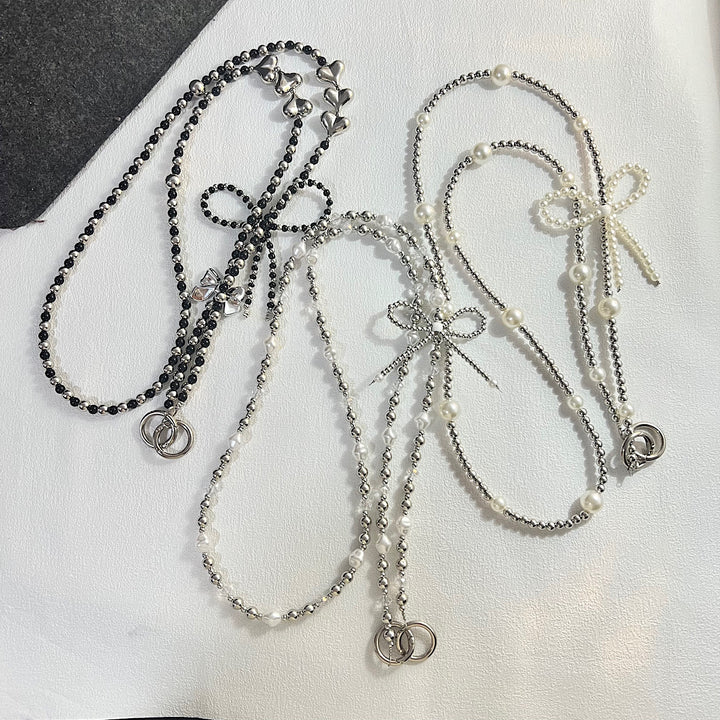 Elegante Perlen Charme Halskette Karnz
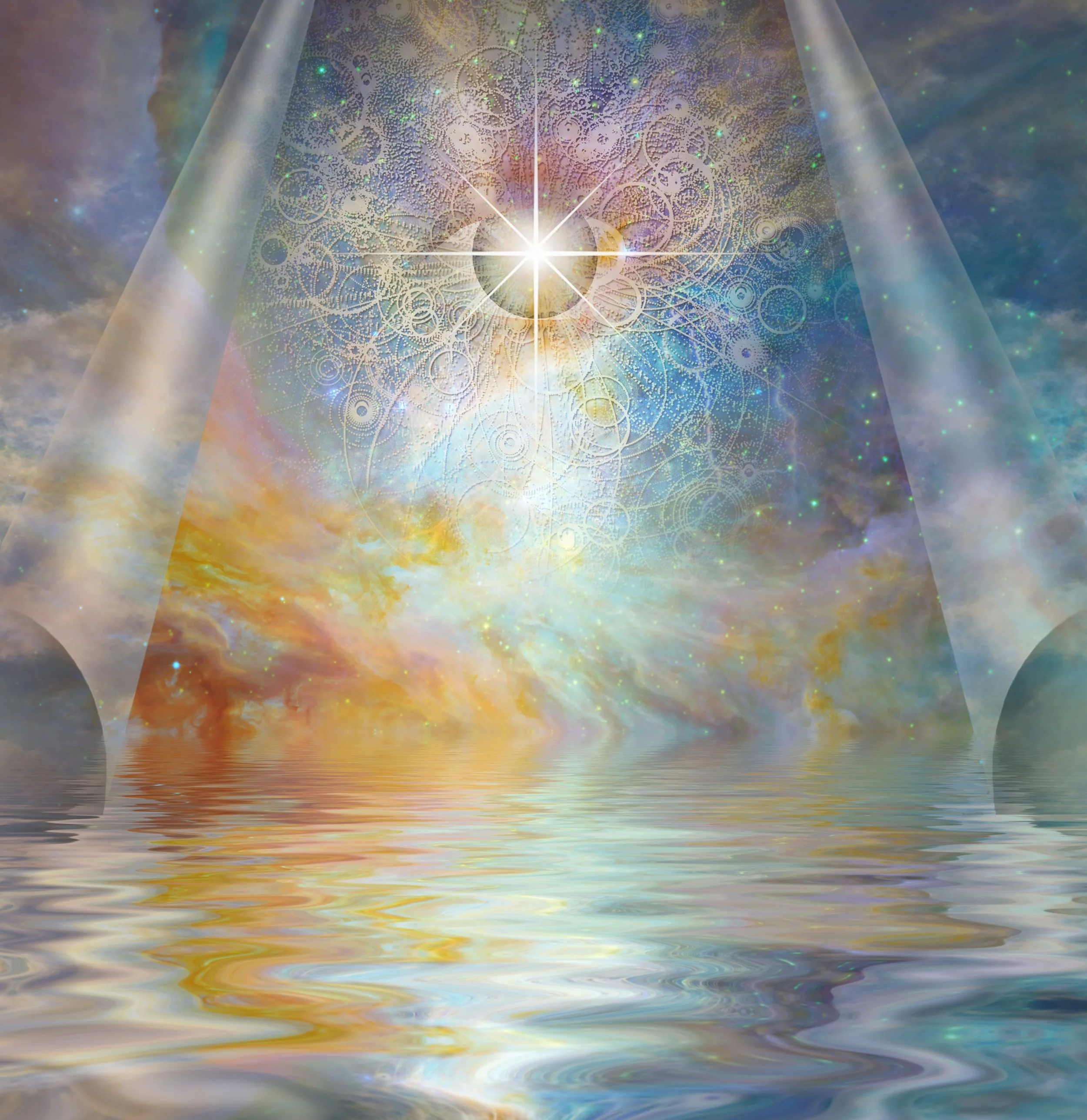 Surreal digital artwork of a cosmic scene with a large, intricate, glowing geometric pattern in the sky, reflected on a calm water surface, with colorful nebulae and stars in the background.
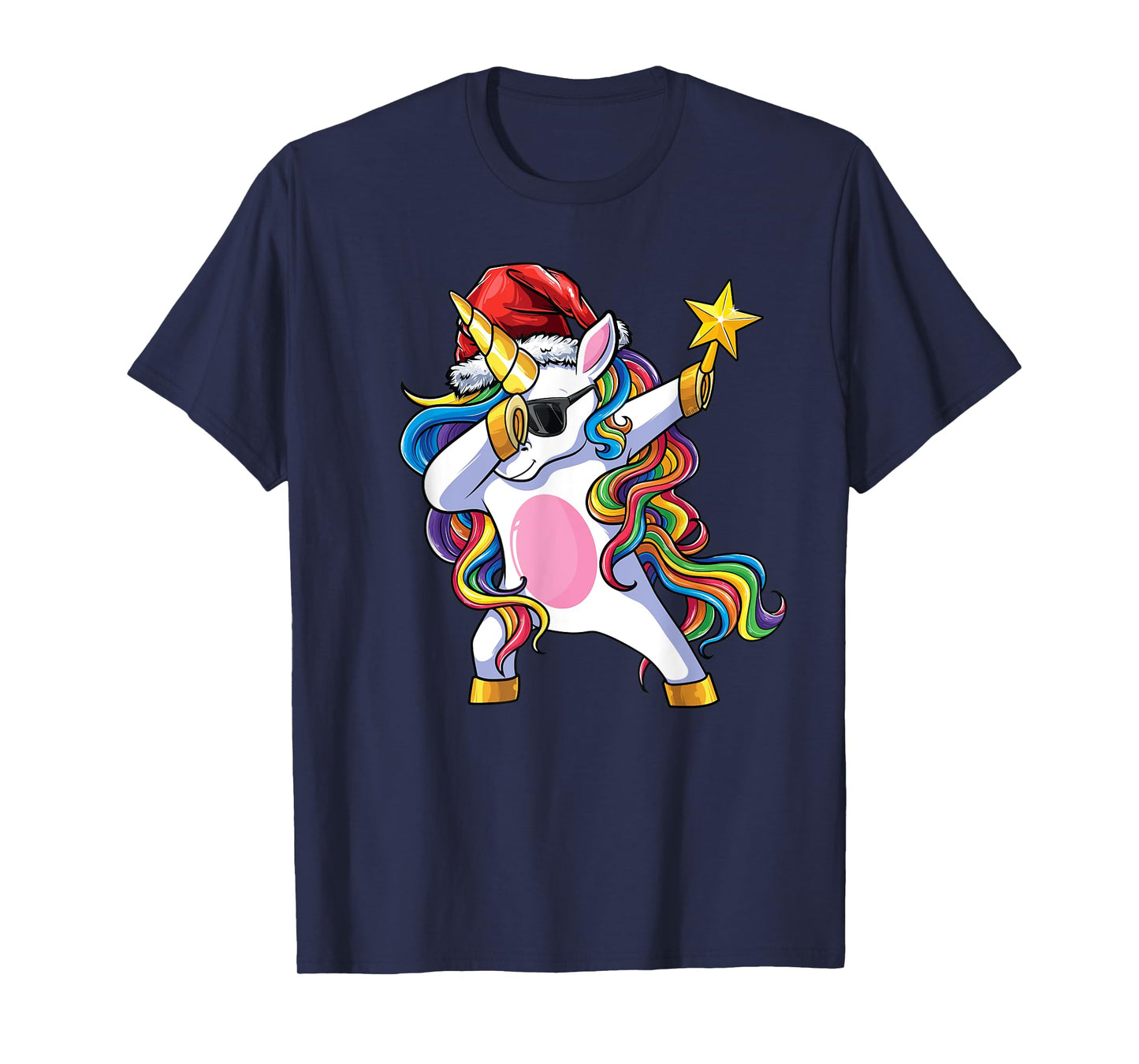 Unicorn Christmas Tree Lights Christmas Dabbing Unicorn T-Shirt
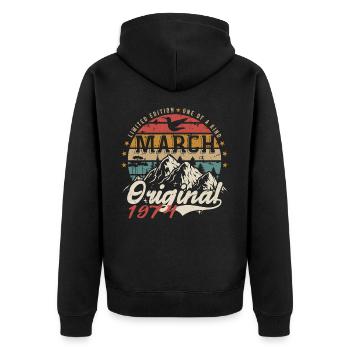 Genial seit März 1974 | Geburtstag März 1974 - Unisex Premium Bio Zip Hoodie - Schwarz - Hinten - Nico (187cm)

Exercise directions:
Give back every line of the material exactly as written, but not the pictures.

Solution:
 Elegante Perlen Charme Halskette Karnz
 Surreal digital artwork of a cosmic scene with a large, intricate, glowing geometric pattern in the sky, reflected on a calm water surface, with colorful nebulae and stars in the background.
 Unicorn Christmas Tree Lights Christmas Dabbing Unicorn T-Shirt
 Genial seit März 1974 | Geburtstag März 1974 - Unisex Premium Bio Zip Hoodie - Schwarz - Hinten - Nico (187cm)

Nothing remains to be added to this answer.